J’ai voulu prendre refuge en toi mais mon pays perdu bat en moi.

1939. Dans la région montagneuse du coeur de l’Afghanistan, se dressent d’impressionnants colosses. Taillés dans le roc, les bouddhas de Bâmiyân recèlent un mystère qui, depuis au moins le 5e siècle, fascine l’humanité. Le site classé par l’Unesco fut brièvement un refuge pour la Suissesse Annemarie Schwartzenbach (aventurière et écrivaine), sa compatriote Ella Maillard (photographe qui a relaté cette épisode dans son livre La Voie cruelle), et les archéologues Ria et Joseph Hackin. Face aux immenses statues, ces quatre perdus au bout du monde n’imaginent pas qu’ils sont à la veille de la Seconde Guerre mondiale. Ils ignorent encore moins que parmi eux, seule Ella Maillard survivra au conflit.
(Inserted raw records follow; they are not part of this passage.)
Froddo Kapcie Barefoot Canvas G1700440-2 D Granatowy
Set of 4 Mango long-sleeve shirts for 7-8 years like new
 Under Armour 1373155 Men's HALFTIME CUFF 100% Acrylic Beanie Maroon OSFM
Annemarie Schwartzenbach décédera en 1941 dans un accident et le bateau transportant les Hackin sera torpillé par un sous-marin allemand.
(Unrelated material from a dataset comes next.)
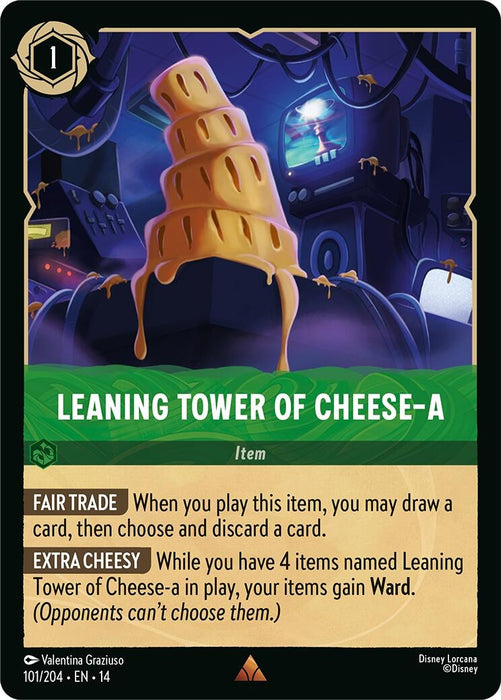 Image for Leaning Tower of Cheese-a (101/204) [Hyperia City] (14) - Disney Lorcana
” C’est ce moment de bascule qui m’a intéressé et fasciné “, confie Mathias Enard. Quitte à s’éloigner de la réalité, l’auteur fait de ce rendez-vous avec ces témoins de pierre une quête d’identité et de sérénité. Sans le savoir, ces brefs instants ensemble seront les premiers et les derniers. Ce livre en est le témoignage. Dynamités en 2001 par les talibans, les bouddhas de Bâmiyân ont disparu. Pourtant, le vide laissé dans leurs alcôves creusées dans la falaise les rendent peut-être encore plus présents dans nos mémoires. ” Ces bouddhas représentent toutes ces choses qui disparaissent physiquement sans vraiment disparaître dans nos esprits “, ajoute Mathias Enard, qui trouve dans cette histoire le rebond pour nous en raconter une autre sous les mêmes étoiles mais à une autre époque.

Exil en mouvement

2016. A Berlin, sous la même voûte céleste qui semble étrangère à la course du temps, Neyla, réfugiée syrienne, peine à trouver dans ses étoiles chéries ce pays qu’elle a perdu. Séparée de corps et de langue de sa Syrie natale, elle semble incapable de se ” replanter ” quelque part. Karsten, hipster typique actif dans les activités de solidarité envers les exilés, l’invite pourtant à trouver son chemin dans la capitale allemande et dans son affection. Pleine de questions, Neyla échappe à celles et ceux qu’elle rencontre. ” J’ai peur de ce nouveau pays et de cette ville où mes yeux ne peuvent attraper les yeux des autres “, dit-elle. Ce personnage a particulièrement touché Zeïna Abirached : ” Elle a ce sentiment de tristesse d’avoir abandonné son pays. Je me demande même si elle arrive à avoir un lieu où elle se sent bien “. Le ciel étoilé peut-être ? ” Sans doute, ajoute-elle. C’est vrai que c’est le seul lieu qui ne change pas du début à la fin. ” ” C’est l’idée d’un exil toujours en mouvement, qui se transforme continuellement, comme nos identités “, complète Mathias Enard.

Entièrement dialogué, le texte de Mathias Enard a laissé à la dessinatrice le champ libre à son dessin ” déco “, en noir et blanc, binaire, à la ligne si claire qu’il élimine toute perspective, mais amène néanmoins une rondeur et une chaleur. Et une poésie qui sied bien à ce que le romancier a voulu expérimenter dans cette première expérience en bande dessinée. Une initiative pleinement réussie qui nous touche par la délicatesse de ces va-et-vient dans le temps et dans les parcours intimes de personnages tentant de ” prendre refuge ” dans un langage commun.

Mathias Enard et Zeïna Abirached, ” Prendre refuge “, éditions Casterman, 344 pages, 14 euros.